I’ve got good news and bad news. Good news first.
Ed Sheeran says you’re perfect. Aretha Franklin thinks you’re wonderful. Billy Joel loves you just the way you are.
The bad news – someone out there disagrees.
Don’t be paranoid, we’re not all talking behind your back and saying bad things about you. Not all of us, just like one or two people. This realization is based on a phrase seen all over the internet…
“No matter how good of a person you are, you’re a jerk in someone’s story.” The real phrase uses a stronger word than “jerk” not fit for print.
It’s fun to go through life with rose colored glasses, assuming you’re cool with everyone. But lurking in your world, probably adjacent to your social or professional circle, someone really doesn’t like you.
If you’re a good, kind person, and I know you are, you probably don’t even realize that someone gives you two thumbs down. What if you said something that came off as rude, or the other person took offense to something you said casually. Perhaps you’re prettier (obviously), funnier (duh), or more accomplished (you go!). Every time you’re at a gathering being your sweet, fabulous self they seethe with jealousy at your effortless charm and likeability.
Another saying is that it’s OK if not everyone likes you because you probably don’t like everyone. That’s just basic math. It is simply not possible to be liked by everyone. Even Elmo has haters. It could be the red fur, the baby voice, or the way Elmo refers to Elmo in the third person. Elmo doesn’t like when people don’t like Elmo, but Elmo understands it’s human nature, even though Elmo is not human.
There is someone I cannot stand because I find them rude, petty and not a nice person. However, they have a bunch of really lovely friends. We have friends in common, wonderful people who seem to have common sense and kindness. So why are they friends with the local villain? How can they not see what I see?
Trying to be friends with someone you just don’t like is the equivalent to watering a dead plant. You can try all you want, but it’s not going to get you anywhere.
Some people give a great first impression, but then you get to know them better and realize you were wrong. They seemed a little bit mean but then you learn they’re a lot meaner.
If you don’t want to be around these types of people but you have to, figure out a way to add a tariff to your self-worth. If they make you feel bad when you’re with them, but you’re kind of stuck with them, I think it’s perfectly acceptable to create an invoice of some kind. And at the end of the year send them a W2 for being in your business so much.
To avoid misunderstandings, we should put body cams on people. Not just police, I’m talking civilians. Teacher body cams would show how your kids behave at school. They’re probably sweet and respectful but sass you up, down, left and right when they’re at home. Or they could be mean little snots to other kids, maybe even bullies, and your jaw will drop when you see their true out-of-the-house colors.
If employers wore them, then kids could see how their parents act on the job. Is Daddy a professional, or a professional micro-manager? Is Mommy always overbearing, cutting her co-worker’s sandwiches or is she more laid back, letting them fend for themselves like big boys and girls? Mom and Dad might not walk the walk they want the kids to walk at home.

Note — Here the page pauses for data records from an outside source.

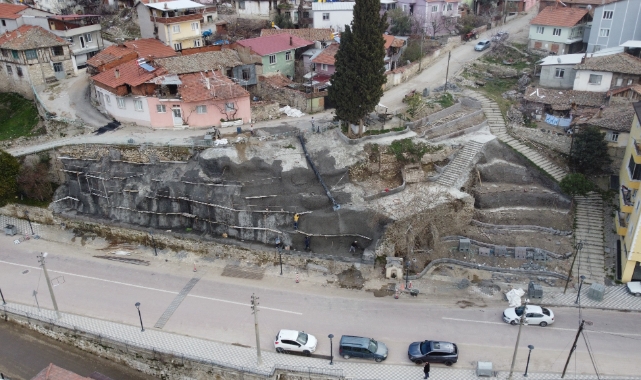Demirci’de görüntü kirliliği oluşturan alana şelale yapılıyor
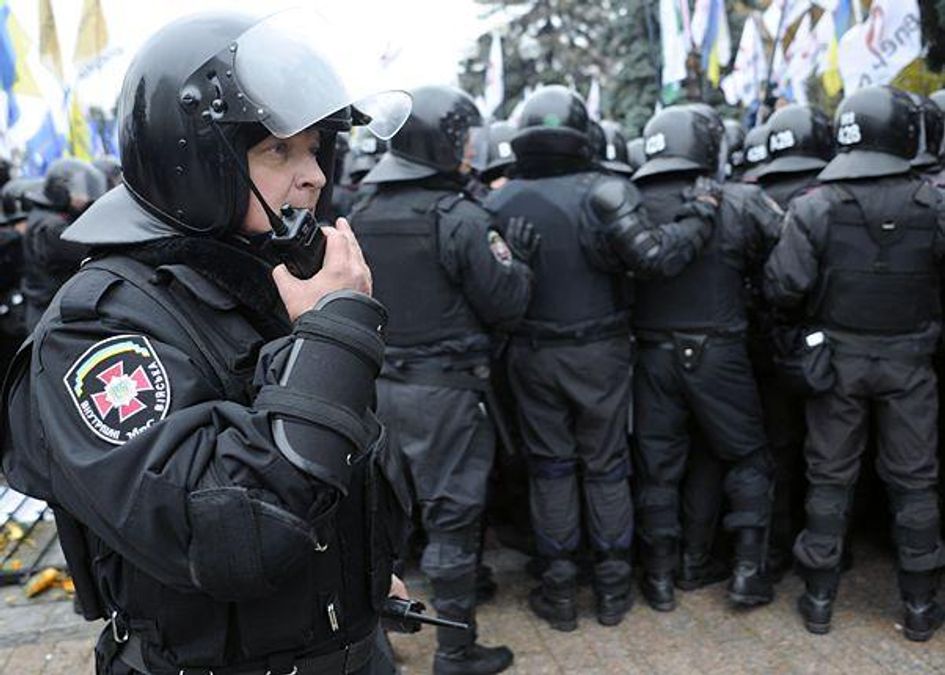 Форма беркута. Бывший беркут. Беркут майдан командир. Бывший беркут. Дробовик омоновцев.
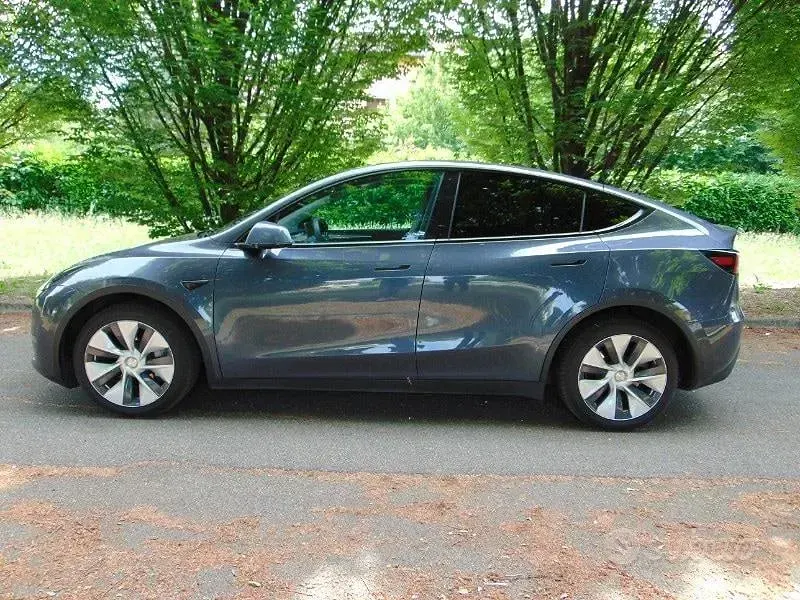 Usata Tesla Model Y Long Range AWD 378 kW (514 CV) 2022 Grigio SUV
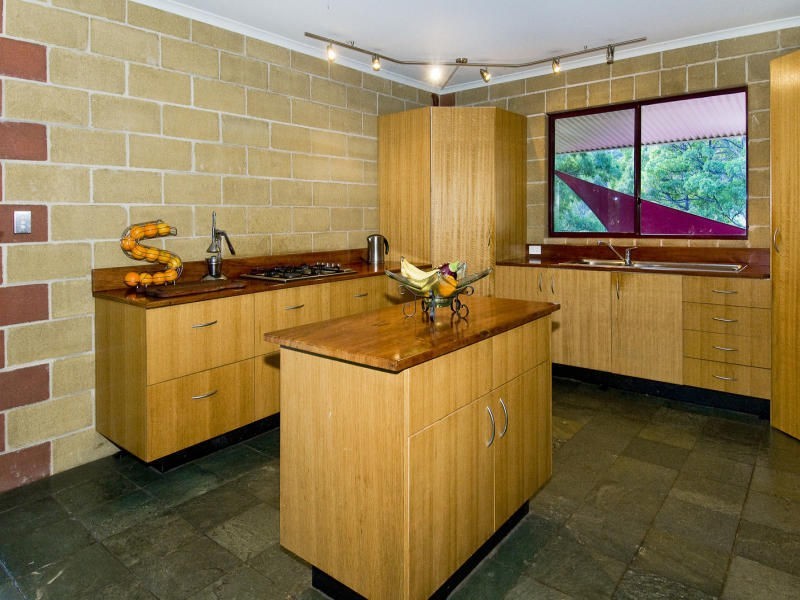 6 Cooinda Place, Lake Cathie NSW 2445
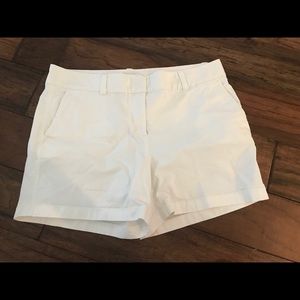 Vineyard Vines white shorts
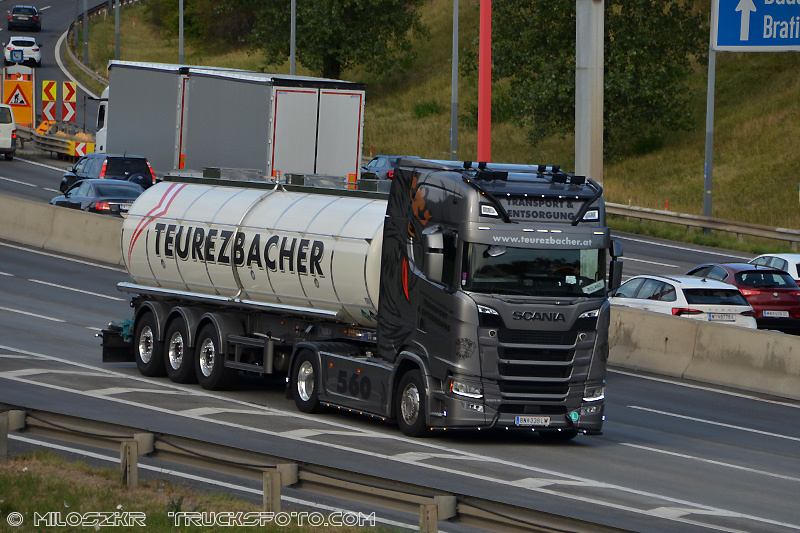 Scania_Teurezbacher_1789.JPG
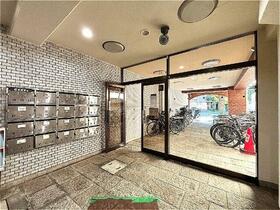 16/19 エントランス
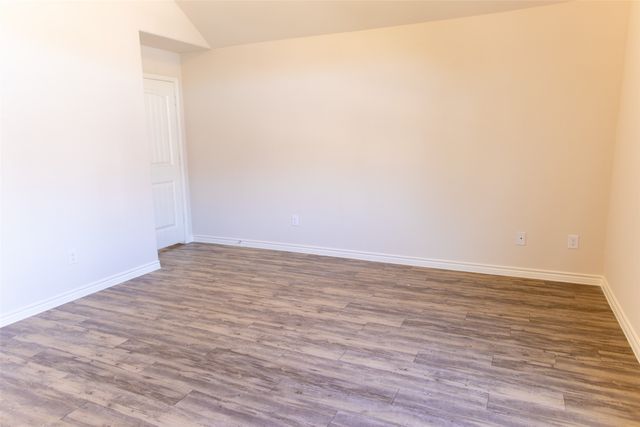 232 Cliff Heights Circle, Dallas, TX 75241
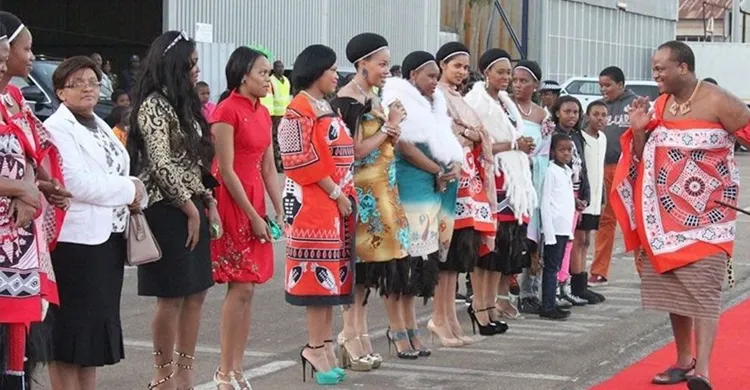 ১৫ স্ত্রী, শতাধিক ভৃত্য ও বিলাসী জীবন, আবুধাবিতে রাজা মসোয়াতির আগমন ঘিরে তোলপাড়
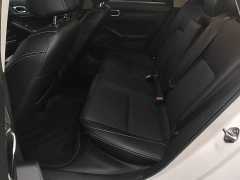 Honda Civic Hatchback 240 Turbo CVT Sport Edition - ფოტო 16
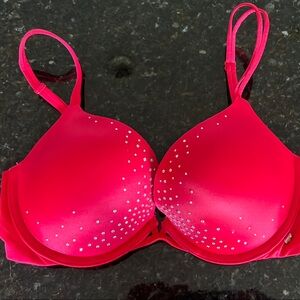 NWOT Victoria's Secret Red Bra with Rhinestone Accents - 32D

Back to my local nemesis. Perception is key. Maybe I’m the one not seeing things clearly. My experience of them being evil might have been a mix up on my part. Since they have so many nice people on their side, I’m likely the one whose perspective is off.
Actually, maybe not. I saw them being a stupid jerk-face with my own two eyes. Stories without an antagonist are boring anyway, so they can be mine.
For your own safety, please be sure to look both ways before crossing me.